Rispondendo ad una domanda dei pm di Perugia, Amara dichiarò candidamente di aver avuto un “conto aperto” presso il ristorante “La Taverna Urbana” di Roma. E fra coloro che potevano usufruirne vi sarebbe stato proprio l’allora prefetto Matteo Piantedosi, attuale capo del Viminale.
“Il gestore a fine mese mi comunicava l’elenco delle cene ed io provvedevo al pagamento. Ovviamente tali pranzi erano offerti per mantenere delle relazione e creare rapporti”, sottolineò Amara.
Non è dato sapere se la circostanza risponda al vero o meno. Leggendo però gli atti trasmessi lo scorso anno da Cantone al collega milanese Marcello Viola e da quest’ultimo depositati nel procedimento contro Amara per la calunnia relativa alla Loggia Ungheria, di cui non venne provata l’esistenza, il nome di Piantedosi compare spesso.
Nelle 167 pagine della richiesta di archiviazione avanzata da Cantone nel procedimento perugino sulla Loggia Ungheria, il nome di Piantedosi viene citato infatti per ben dieci volte, pur essendo il ministro del tutto estraneo a questo sodalizio paramassonico. Anche perché Amara, fra le decine di nomi di sedicenti appartenenti alla Loggia, non aveva mai indicato quello di Piantedosi.
Nonostante ciò, Piantedosi era finito nel mirino dei pm di Perugia, ad esempio tramite alcune domande poste a Denis Verdini sui rapporti tra Amara e l’allora prefetto.
Se questi rapporti fossero comunque stati penalmente rilevanti, avrebbe dovuto indagare la Procura di Roma e non certo quella di Perugia posto che, come detto, Piantedosi non era indicato come appartenente alla fantomatica Loggia.

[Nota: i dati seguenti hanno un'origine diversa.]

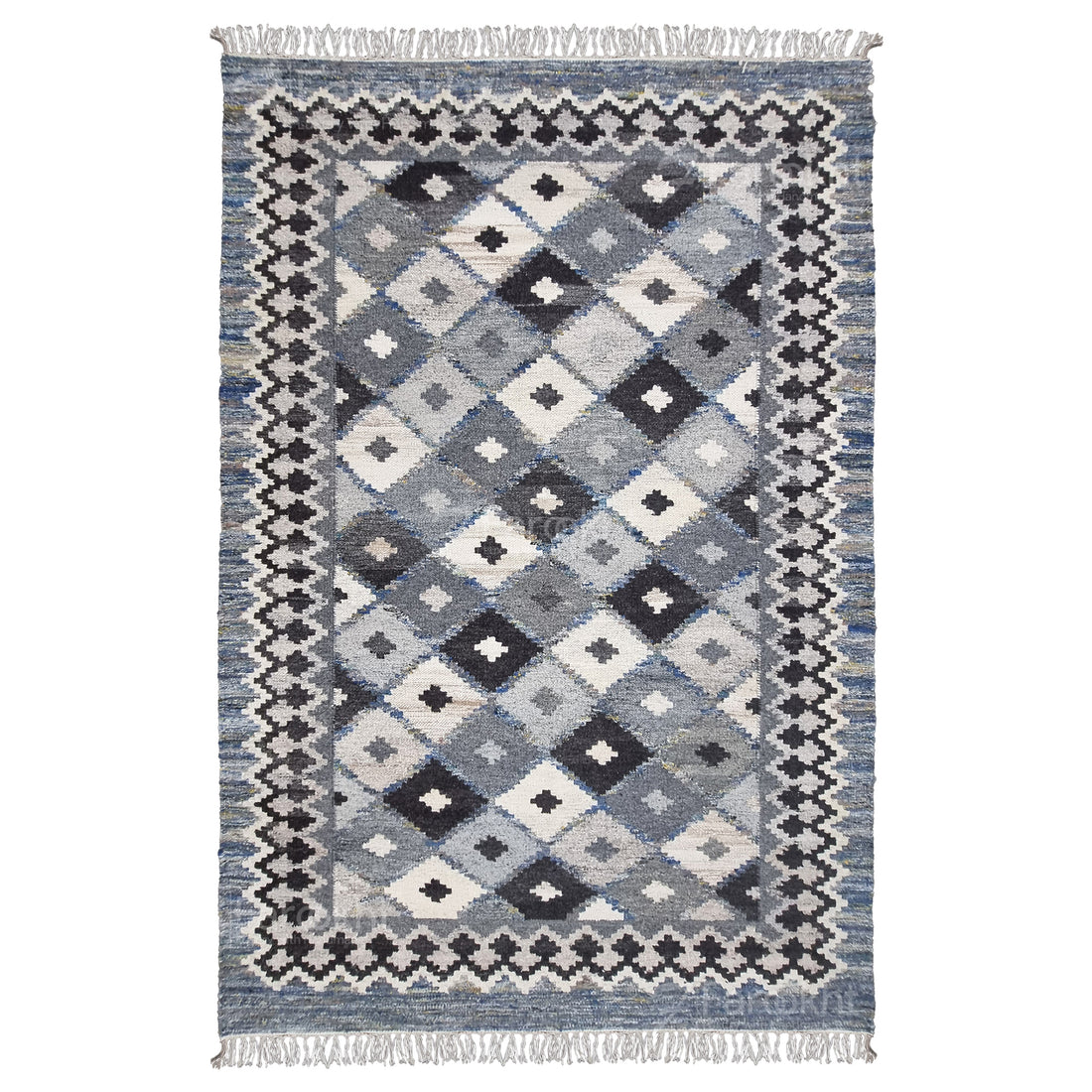 Patterned rug with geometric design on a white background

Che si tratti di attività giudiziarie di difficile comprensione risulta del resto anche dall’assenza di domande e approfondimenti sui rapporti, pure riferiti da Verdini, tra Amara e l’ex procuratore di Roma Giuseppe Pignatone il quale, contrariamente a Piantedosi, si era occupato dell’avvocato siciliano per ragioni di ufficio avendo trattato importanti procedimenti penali a carico di quest’ultimo. Eppure su Pignatone non venne fatta alcuna domanda.

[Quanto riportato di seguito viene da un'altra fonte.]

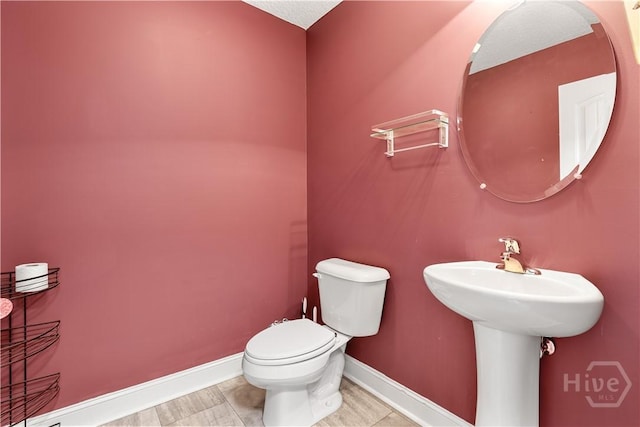 42 Kinlock Ct, Midway, GA 31320 - half bathroom with toilet and baseboards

La sollecita e ripetuta attenzione della Procura di Perugia nei confronti di Piantedosi resta dunque un mistero e fa il paio con quella nei confronti dell’ex presidente dell’Anm Luca Palamara il quale, pur non essendo anch’egli indicato tra gli appartenenti alla Loggia, è stato investigato in lungo e in largo.
Palamara viene citato nella richiesta di archiviazione addirittura 111 volte, quasi una volta per ogni pagina. Le indagini, per la cronaca, vennero affidate alla solita guardia di finanza che non aveva in passato offerto risultati molto esaltanti.
Il maggiore del Gico Fabio di Bella, nel processo che si sta svolgendo sempre a Perugia nei confronti di Palamara ed il giudice Stefano Fava per l’asserita loro campagna stampa contro Pignatone ed il procuratore aggiunto di Roma Paolo Ielo, e la cui sentenza è attesa prima dell’estate, aveva dovuto confessare che il suo reparto consegnava le informative ad Amara, indagato principale del procedimento, prima ancora che esse fossero depositate alla Procura e, in alcuni casi, avvisandolo in anticipo delle perquisizioni che dovevano essere effettuate.
Nei giorni dei dossieraggi del finanziere Pasquale Striano, quanto accaduto nei confronti di Piantedosi è forse un altro aspetto che andrebbe chiarito.